IL RISULTATO – Come nel post Firenze, Alvini fa i conti con la classifica: «Quello che conta alla fine è sempre il risultato. Dopo due partite siamo a zero punti e questo sicuramente non va bene, abbiamo giocato e avuto la nostra identità, abbiamo voluto essere aggressivi e avere un’idea precisa senza portare a casa niente. Basta applausi, ora servono i punti. Da questo punto di vista c’è rammarico, poi a livello di prestazione sono contento di quello che hanno fatto i miei calciatori». Dopo il 3-2 del Franchi il mister disse che il pari non sarebbe stato uno scandalo: «Anche oggi la penso così. Alla fine la Roma ha avuto più occasioni, ma se oggi avessimo pareggiato all’Olimpico non si sarebbe urlato allo scandalo. Poi nel conto della partita sicuramente la supremazia della Roma c’è stata, ma la Cremonese ha fatto la sua partita. Dobbiamo e possiamo migliorare per raggiungere un risultato positivo».

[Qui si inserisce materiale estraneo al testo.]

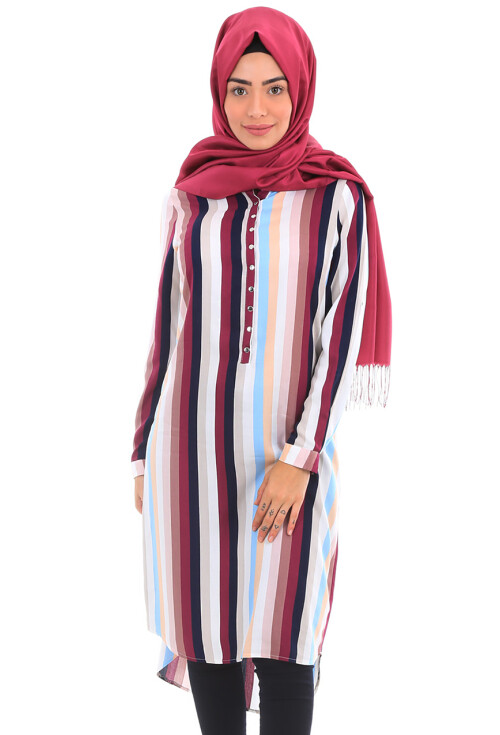 5607 Hakim Yaka Tesettür Tunik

DEBUTTO – Tra i debuttanti di oggi c’era anche Lochoshvili, autore di una grande gara: «Luka è un giocatore importante che abbiamo cercato e voluto. Oggi contro Dybala ha fatto una prestazione significativa, deve migliorarsi ogni giorno in allenamento ma siamo molto contento di lui e di ogni calciatore che ogni momento gioca con la Cremonese». Nella ripresa la Cremo ha gestito bene la gara: «In transizione è capitato di sbagliare un passaggio in uscita ed è perché ancora deve migliorare il nostro processo di conoscenze. Davanti avevamo una Roma forte, spinta da 60mila persone. Lo stadio ti dà grande forza, una prestazione così ci dà fiducia e forza».
COMPLIMENTI – Nel post partita José Mourinho ha fatto a più riprese i complimenti a mister Alvini, che però resta umile: «I complimenti li giro ai miei calciatori, se lo meritano. Stanno lavorando forte, continuando così alla fine verranno premiati. I complimenti di José sono per i ragazzi. Stringergli la mano qui è stato un piacere, è stato gentilissimo e ho apprezzato molto la sua sincerità. Anche io ho girato i complimenti a loro». A Cremona c’è grande compattezza e competenza con Braida e Giacchetta: «Lavoro per la Cremonese ed è una grande società, lo dimostra anche dal tweet per l’infortunio di Wijnaldum. Sabato giocheremo allo Zini, un gioiellino risistemato in tre mesi. Mi ritengo fortunato di essere al fianco di Braida e Giacchetta, accetto il percorso con loro. L’emozione è per me e per tutti i tifosi della Cremo. È bellissimo, straordinario. A volte vale la pena vivere certe giornate. Di sicuro resta il rammarico per il risultato, ma è stata una bella giornata e in cui siamo stati all’altezza della situazione».
Fonte: dai nostri inviati all’Olimpico di Roma Lorenzo Coelli e Andrea Ferrari.